North East, US here. probably fine but I don’t trust it. we use a water filter for drinking
Same. I can take tap water fine but my wife hates it. But even so, we both can tell by taste when the filter is toast. We can also tell from the way our bathroom counters get white buildup just by incidental water droplets during handwashing that we have excessively hard water. Not dangerous but not pleasant.

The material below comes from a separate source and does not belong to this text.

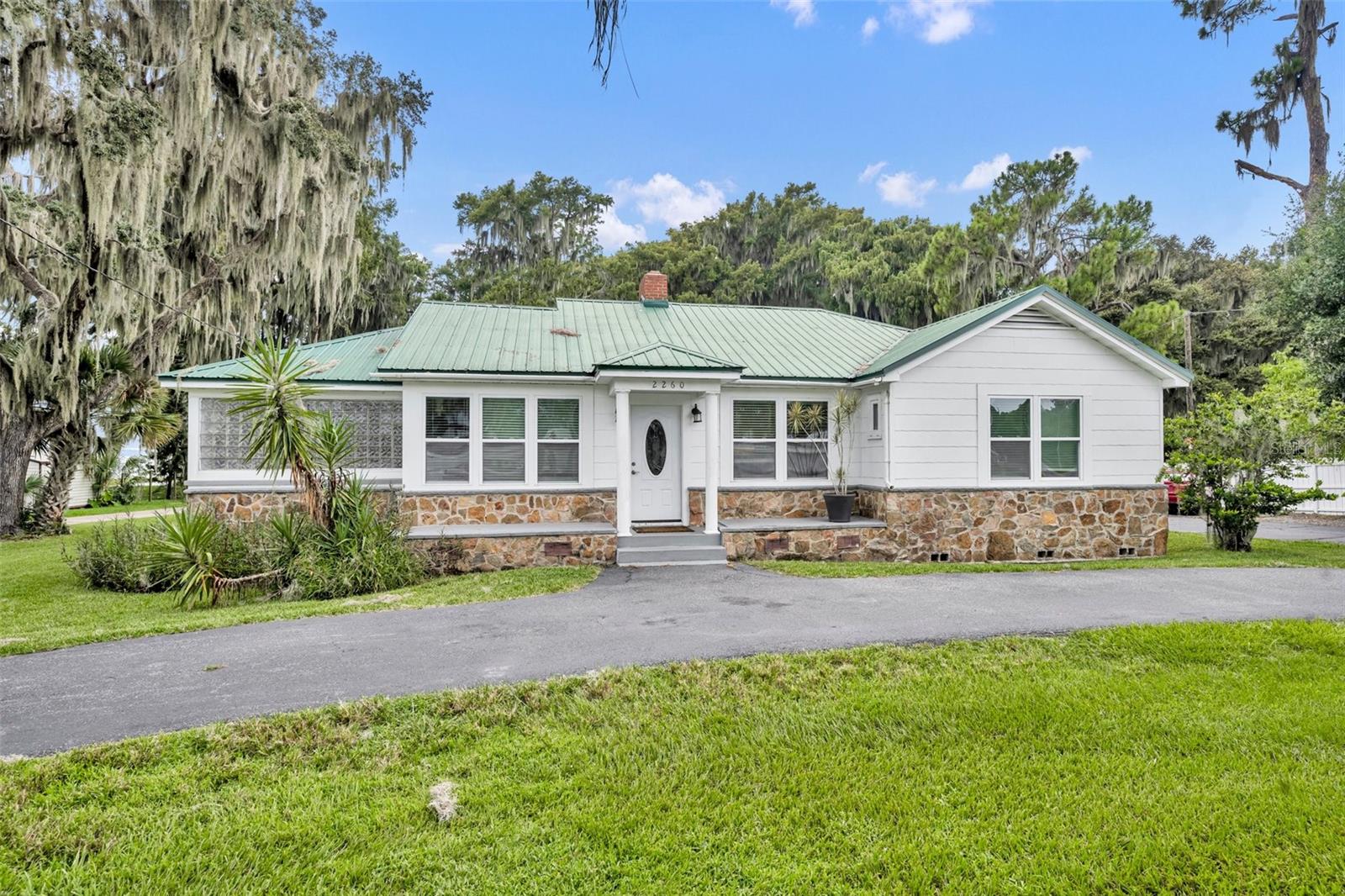 $456 A SQUARE FOOT? OR IS IT $226 A SQUARE FOOT? Yes, the FRONT property is at 1,993 square feet. But if you add the BACK property consisting of a 2-story duplex with the top property being 1,008 square feet 2 bed 2 bath and the bottom being the same at 1,008 square feet 2 bed 2 bath you get a grand total of 4,009 square feet! All remodeled with lake access and a boat house for a fisherman's dream. Why not live in the front and have the duplex rented out. Fish while you reel in passive income.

I work in food manufacturing and get the local water test results emailed to me monthly - they are alway well within limits
If you have any reason to suspect the quality of your water, get it tested! It’s not that expensive, you just ship a sample to a lab and they email you a report. Because so many people depend on well water there’s a bunch of labs all over the country that do water quality testing, it’s a relatively cheap and accessible service.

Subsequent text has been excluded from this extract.